Naturally, you want to see your teen happy and successful. You have wisdom and experience that she doesn’t have so of course you want to share your advice and help her learn important life-lessons. But, when you try to impart your wisdom and support, she flies off the handle. She tells you that you don’t understand. She blames, criticizes, and rejects. It can be exhausting!
As your teen moves through adolescence, she gains a sense of capability. She begins to recognize what problems she can solve on her own and when she needs support. This awareness is essential to successful independence and parents play an important role. If you are jumping in to share advice or telling her how to solve problems, you are not giving her a chance to discover how to do it on her own.
So, how do you show your teen you believe in her ability to handle life’s challenges and how do you find the right time to offer guidance?
Know Your “Parenting Moments”
For a teachable moment to land well with your teen, choose your moment.
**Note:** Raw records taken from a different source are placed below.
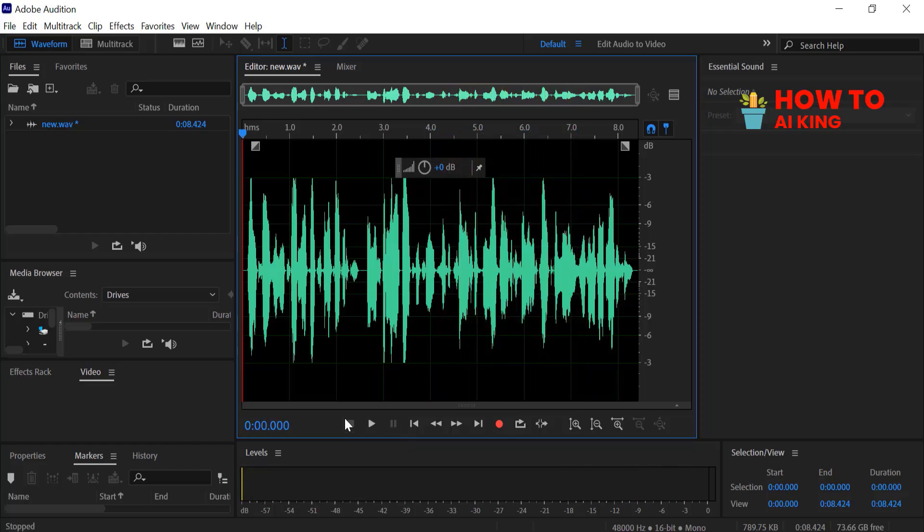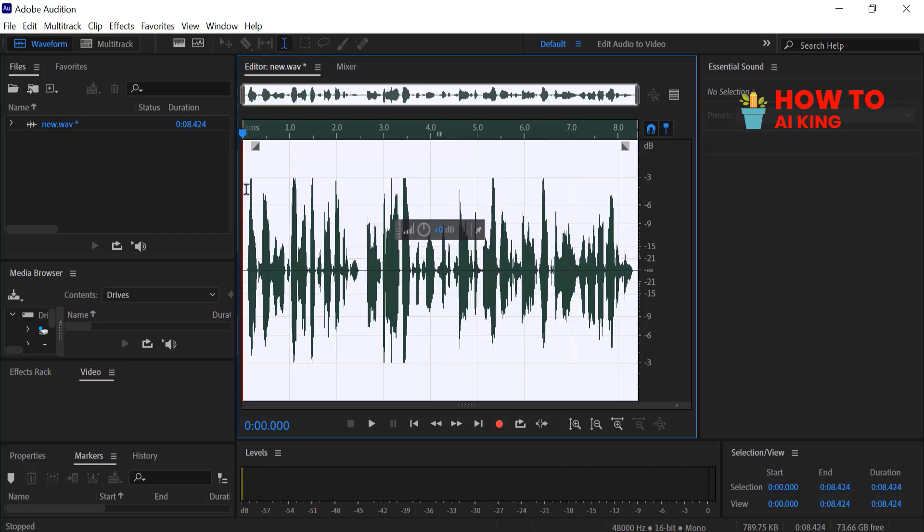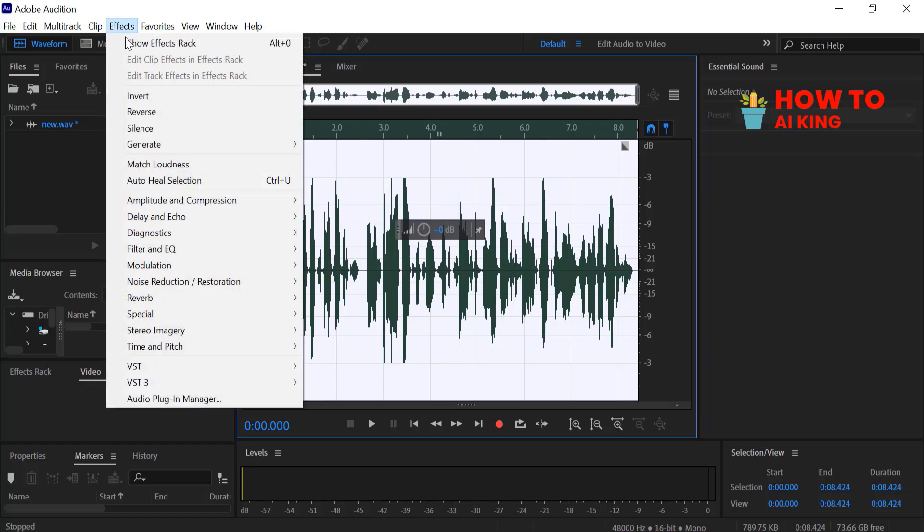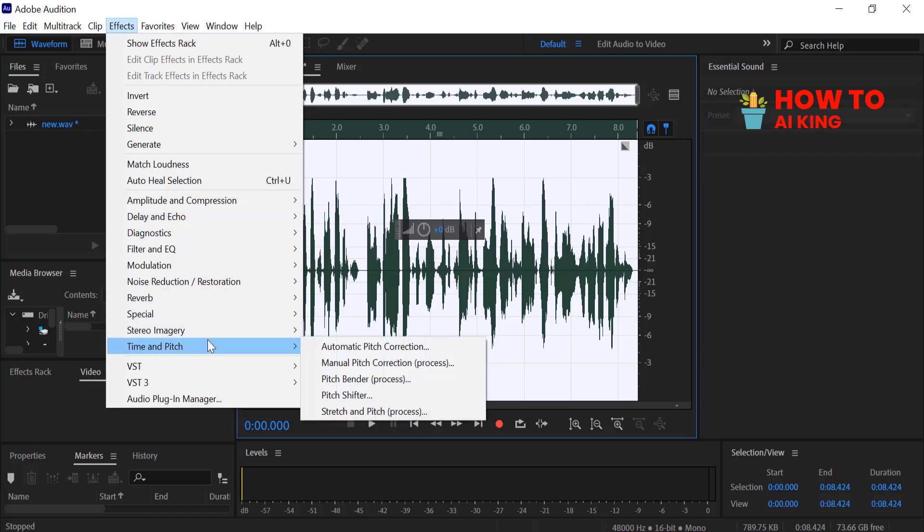Press Ctrl-A to select the voice. Go to the Effects menu, select Time and Pitch. Click on the Pitch Shifter.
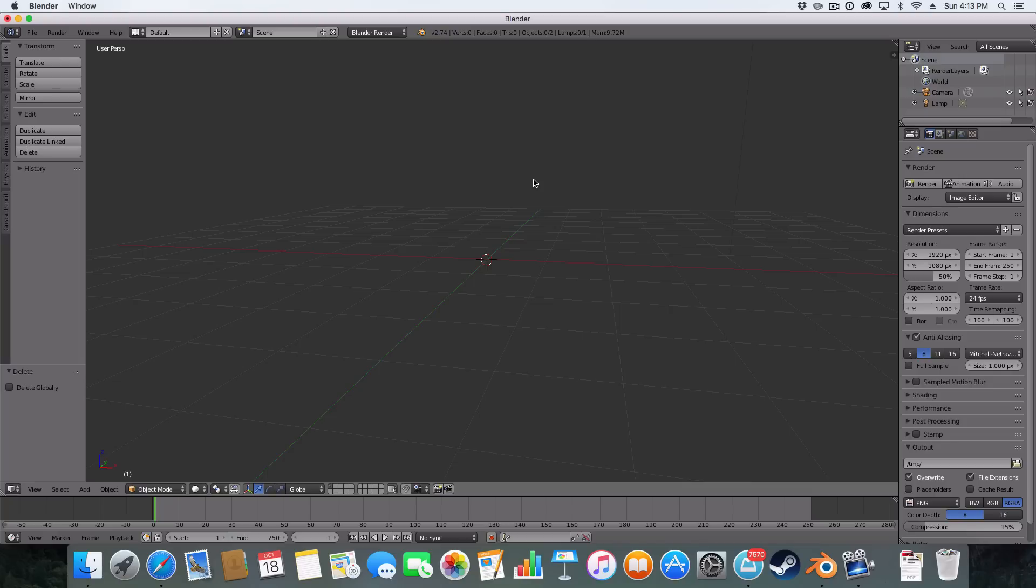Hello ladies and gentlemen, welcome back to another Blender graphics tutorial. Today in this tutorial I'll be teaching you how to import a reference image for your modeling.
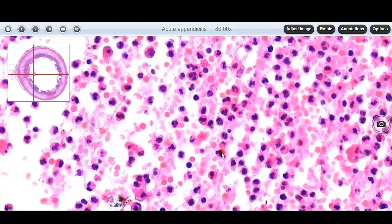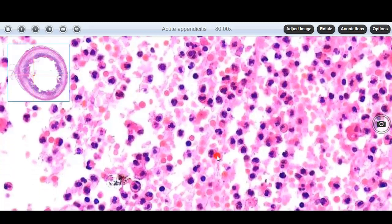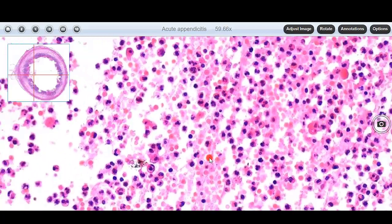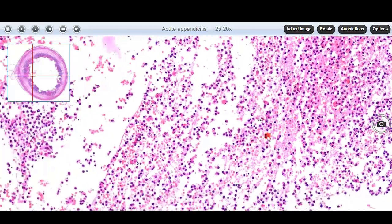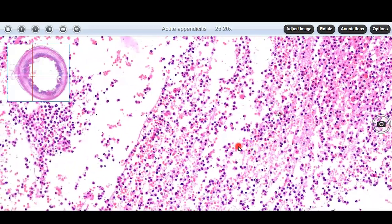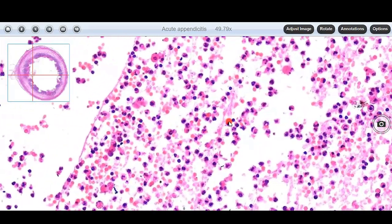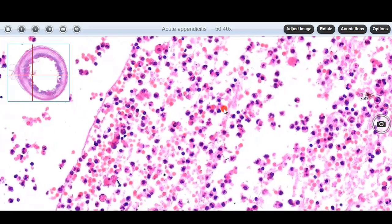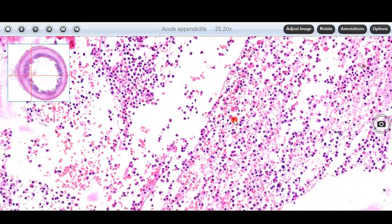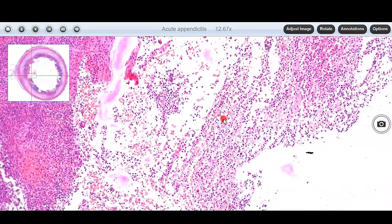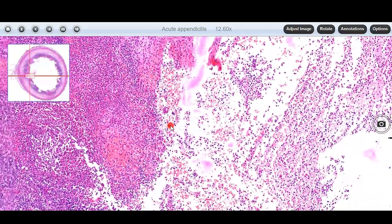How do you identify a neutrophil? It is a segmented WBC and has commonly three lobes. Along with the neutrophils, we can see many RBCs and some fibrin.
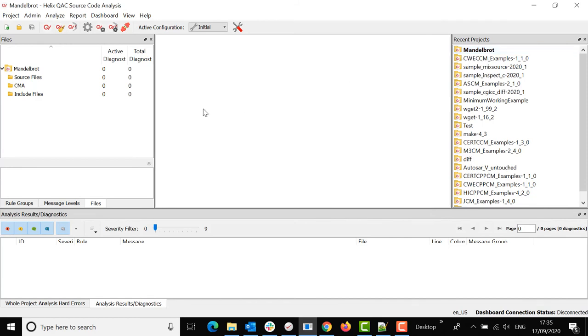Now this is an empty Helix QAC project just waiting on you to populate it with the source files that needs to be analyzed but this is how you create a Helix QAC project in the GUI.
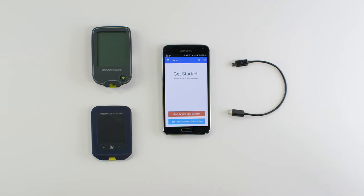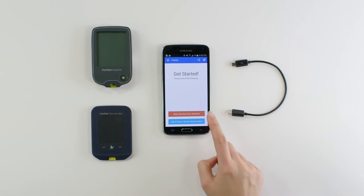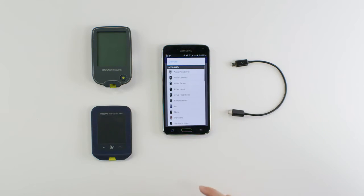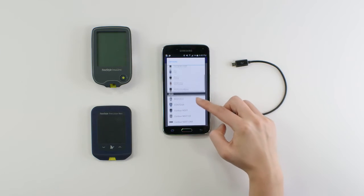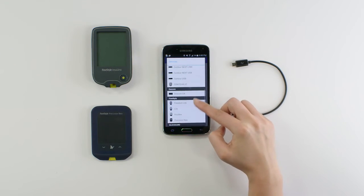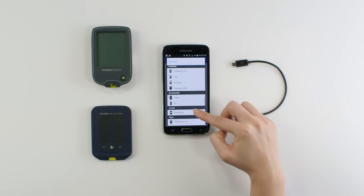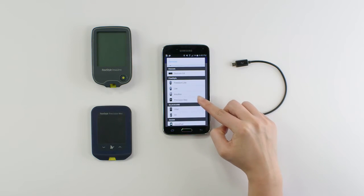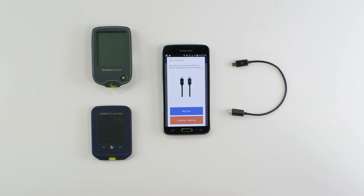From the home screen tap start syncing your devices. You'll find our list of supported diabetes devices. Scroll down until you see the freestyle section and tap the device model name to open the sync method screen.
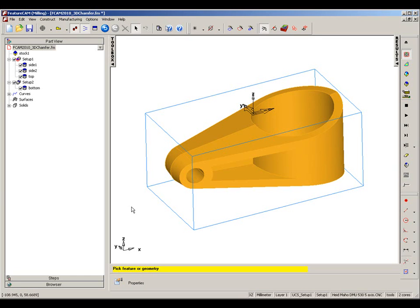FeatureCAM's 2.5D chamfer milling has now been extended to work with 3D chamfers. Utilizing the edge curve of the chamfer location, the toolpath is created to produce complex chamfer shapes.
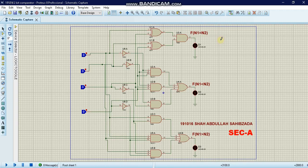Assalamualaikum, my name is Shah Abdullah and today I'm going to talk about the 2-bit comparator. First of all, we should know what a 2-bit comparator or a digital 2-bit comparator is.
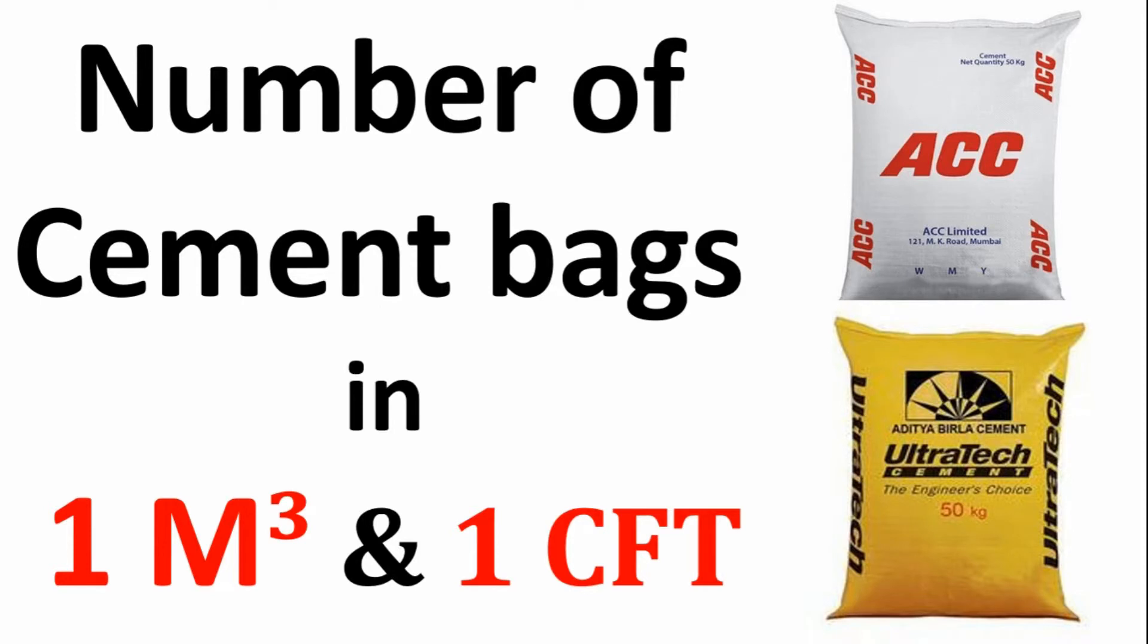Hey guys, welcome to vCivilEngineers. In this video, I am going to teach you how to calculate the number of cement bags in volume of 1 meter cube and 1 cubic feet. So let's get started.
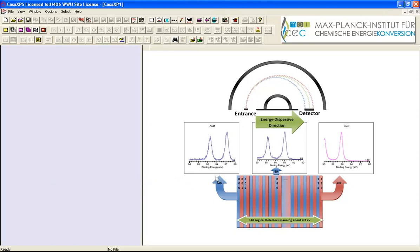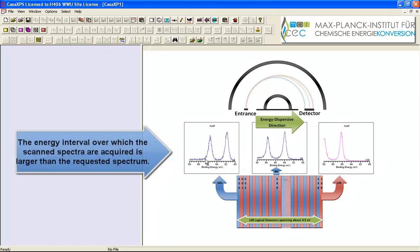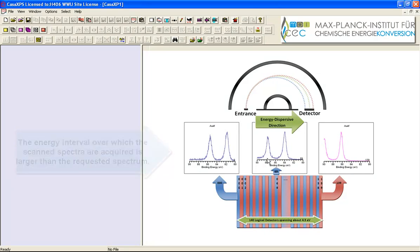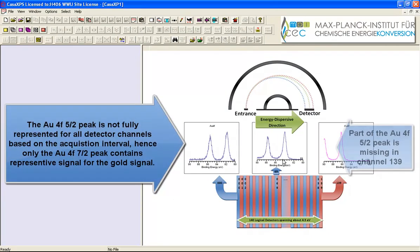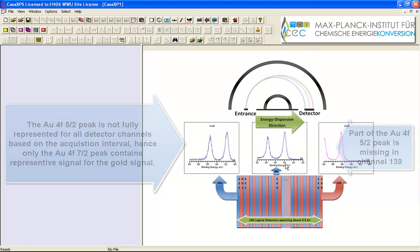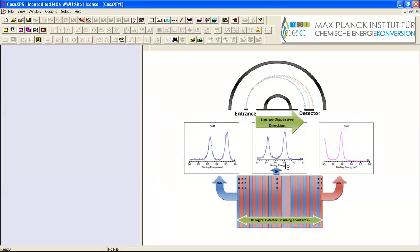So the first one might produce this spectrum here and the last one produces this spectrum and one in the middle would produce the more expected form here where the peak of interest appears somewhere around about 84 binding energy. And you can see that they are actually shifted in different directions depending on which detector has been used.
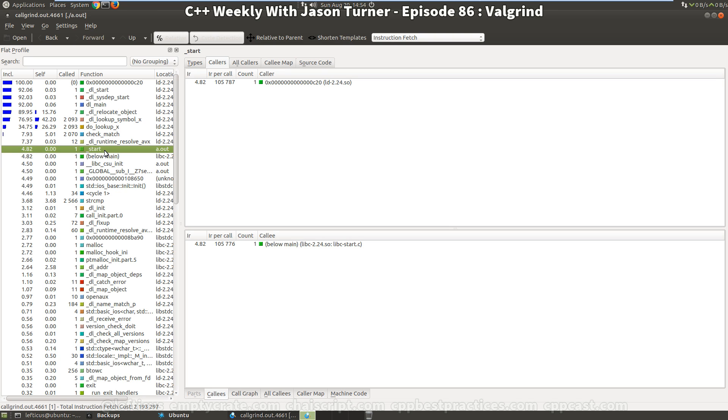But anyhow, check out kcachegrind, check out callgrind, and Valgrind. This is just another tool that you can put in your tool bag for debugging your C++ code.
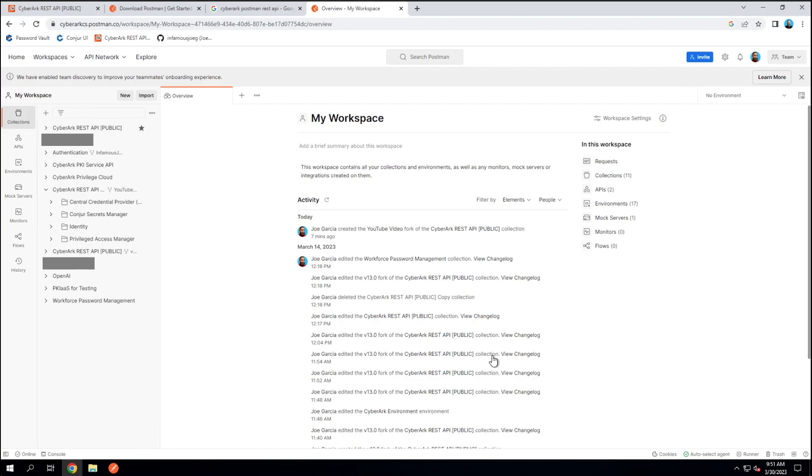In the next section, we'll go ahead and take a look at what it takes to get requests sent off and how we can start to utilize that environment template a little bit more to make our lives a lot simpler.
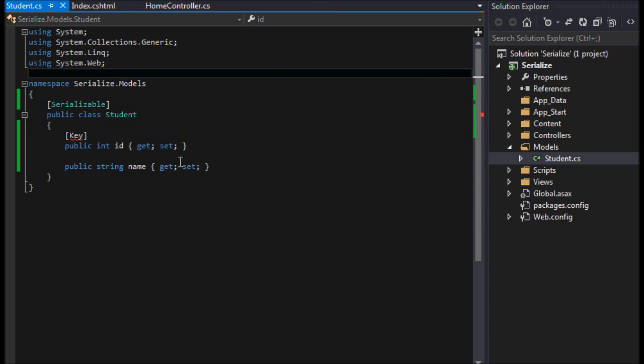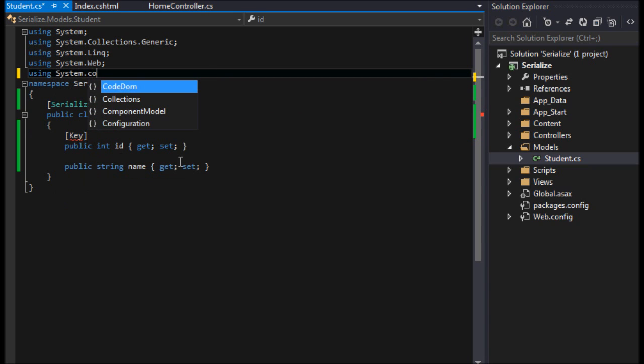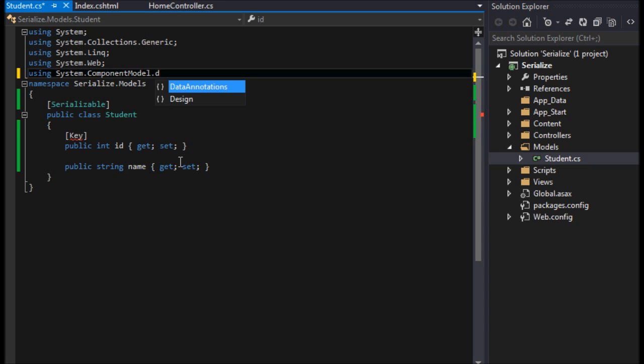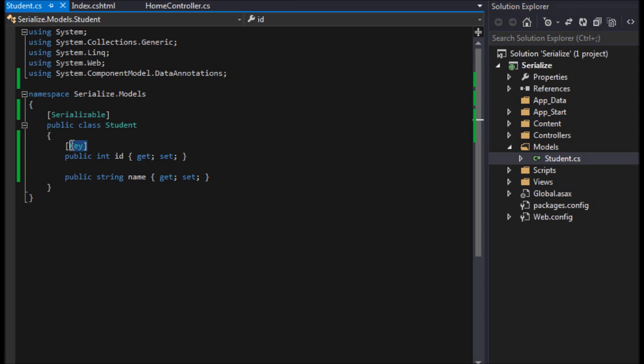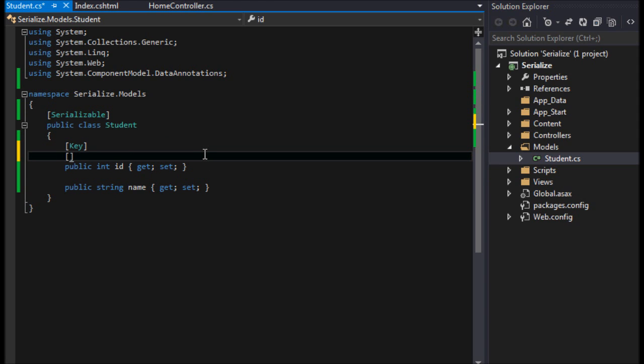I'm going to say that this is the key, and I can already see that I need to include some stuff here. So I need to include my System.ComponentModel.DataAnnotations.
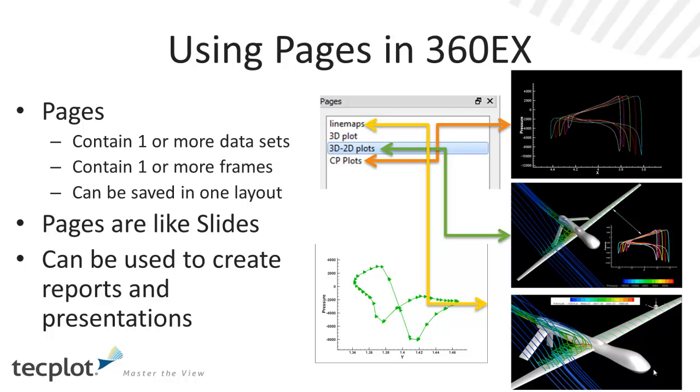They can contain one or more data sets, one or more frames. And when you save your layout, you basically would be saving all those different frames, all those different data sets, all going to be contained in all the pages that you've created.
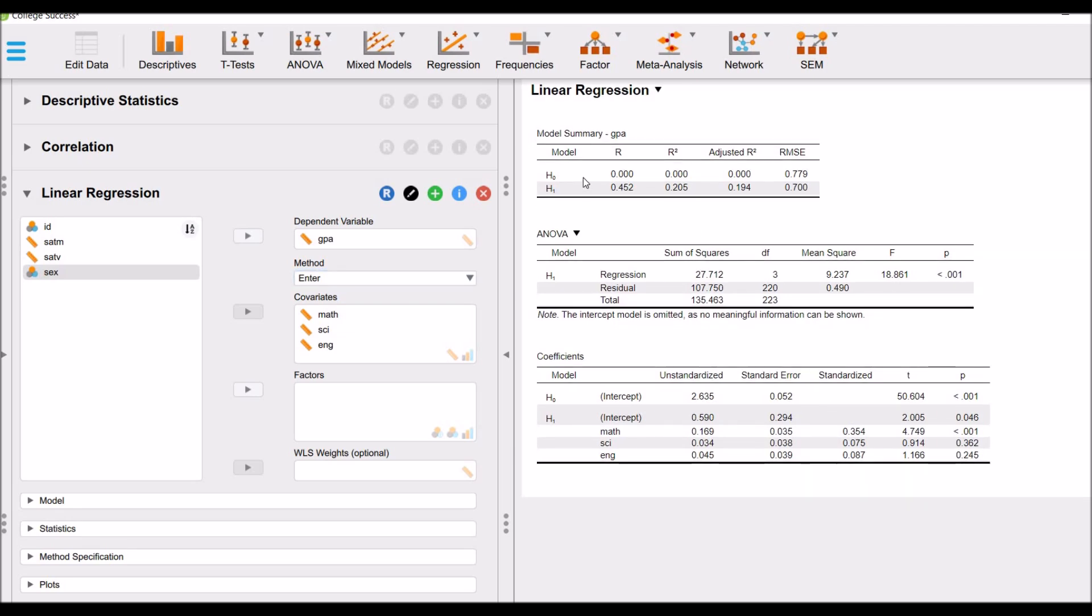You can see this is the model summary. This is for null hypothesis. And this is alternate hypothesis. The R-square for this model is 0.205. It means that 20.5% variance of dependent variable is explained by the independent variables.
First, you need to calibrate with your teen. Tune into how she is feeling and what she really needs at that moment. If she’s worked up and angry, she will not heed the advice and needs time to calm down. If she is arguing her point, she is asking to be heard, not told what to do.
Identifying the “wrong” moments may be easier than identifying the right ones, so a helpful rule of thumb, is to ask your teen if she would like your advice or opinion. It may feel unusual at first, but it sends a message to your teen that you believe in her and you are there to support her, not do it for her. It empowers her and invites her to consider how to use her own resources. Try simple questions like, “Would you like to know what I think?” or “I have some ideas about how you might deal with this situation. Would you like to know what they are?” This gives her the option to explore solutions on her own with the knowledge that she can come to you if needed.
When it feels impossible to get through
If you are a parent who struggles with day-to-day communication with your teen, it may be time to take a close look at what led you to this place. Is there a crack in the foundation of your relationship? What needs to be repaired? In my coaching experience, repairing a splintered foundation begins with reassessing respect. Examine what respect means to you and how you show it to your teen. Consider how her needs have changed since childhood and how she may need to be respected differently. Begin to make shifts in your parenting approach that demonstrate respect. Keep in mind that as you do so, you are modeling for her the behavior you wish to see.
If the relationship and communication cracks are deep, it can be extremely helpful to involve a third party in the rebuilding process. Family or parent-teen coaching can help redefine respect, deepen empathy, and strengthen the lines of communication. A former teen client put it, “It is hard for a teenager to communicate with their parents. Erica was able to help me figure out how to communicate what I wanted and needed from my parents and understand what they wanted and needed from me. Before that it was like we were speaking two different languages, they didn’t understand and I didn’t understand.”